## DATASET CONTENT:
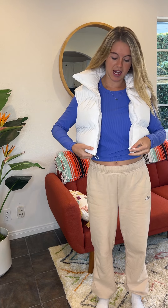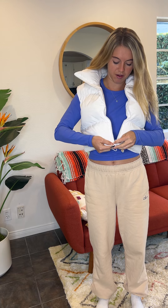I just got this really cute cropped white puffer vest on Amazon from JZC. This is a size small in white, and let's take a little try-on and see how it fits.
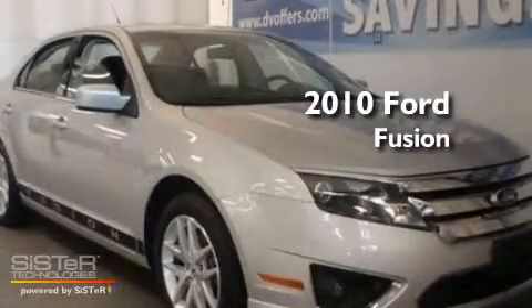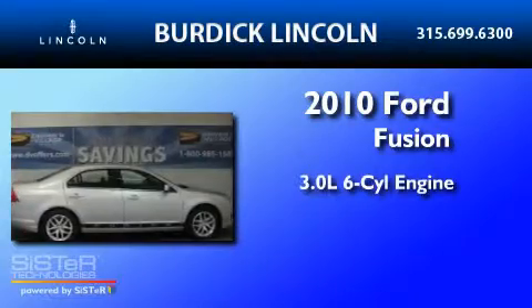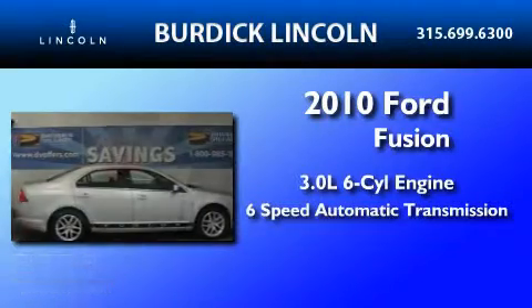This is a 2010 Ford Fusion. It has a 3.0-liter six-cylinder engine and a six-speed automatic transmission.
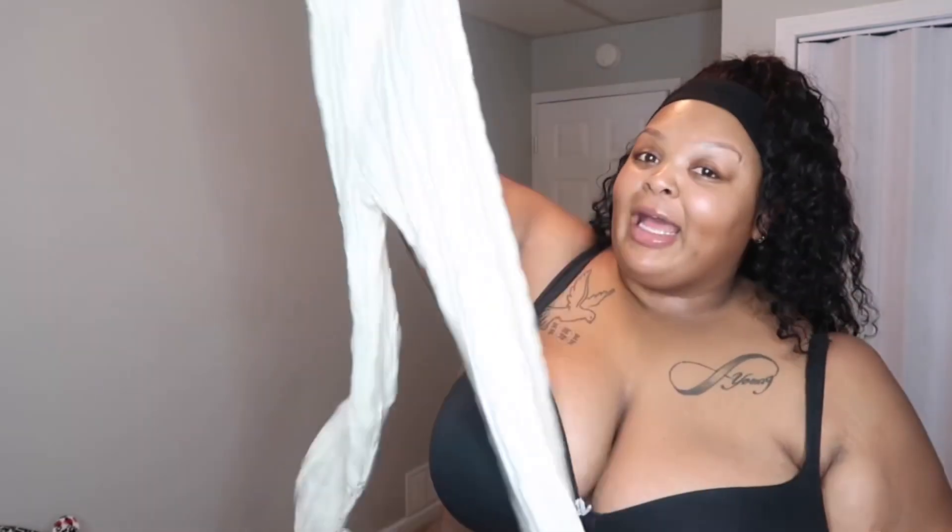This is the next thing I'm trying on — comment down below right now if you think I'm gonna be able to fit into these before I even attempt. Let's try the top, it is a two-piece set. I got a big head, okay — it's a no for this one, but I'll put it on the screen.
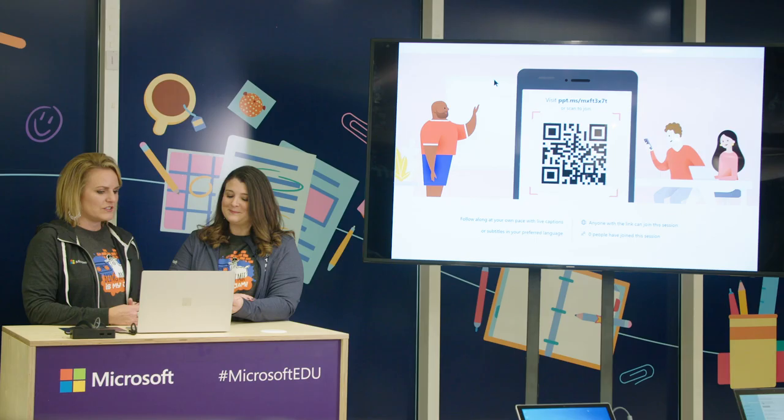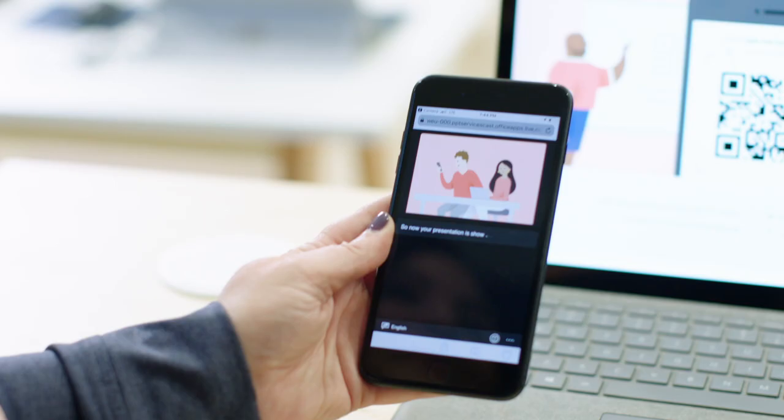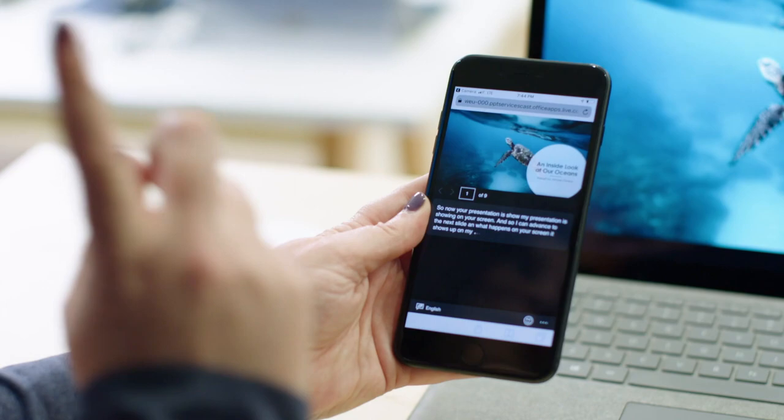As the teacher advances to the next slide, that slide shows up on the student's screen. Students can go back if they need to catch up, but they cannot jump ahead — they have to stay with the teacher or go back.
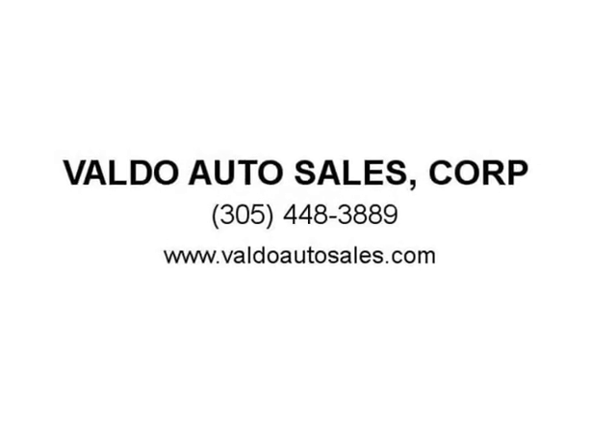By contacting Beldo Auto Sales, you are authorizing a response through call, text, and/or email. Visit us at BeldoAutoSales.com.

## EXERCISE:
Taking the entries above, extract every line from the one bearing "This is the" through the one bearing "As the teacher", exactly, with no pictures.

## EXERCISE SOLUTION:
This is the next thing I'm trying on — comment down below right now if you think I'm gonna be able to fit into these before I even attempt. Let's try the top, it is a two-piece set. I got a big head, okay — it's a no for this one, but I'll put it on the screen.
As the teacher advances to the next slide, that slide shows up on the student's screen. Students can go back if they need to catch up, but they cannot jump ahead — they have to stay with the teacher or go back.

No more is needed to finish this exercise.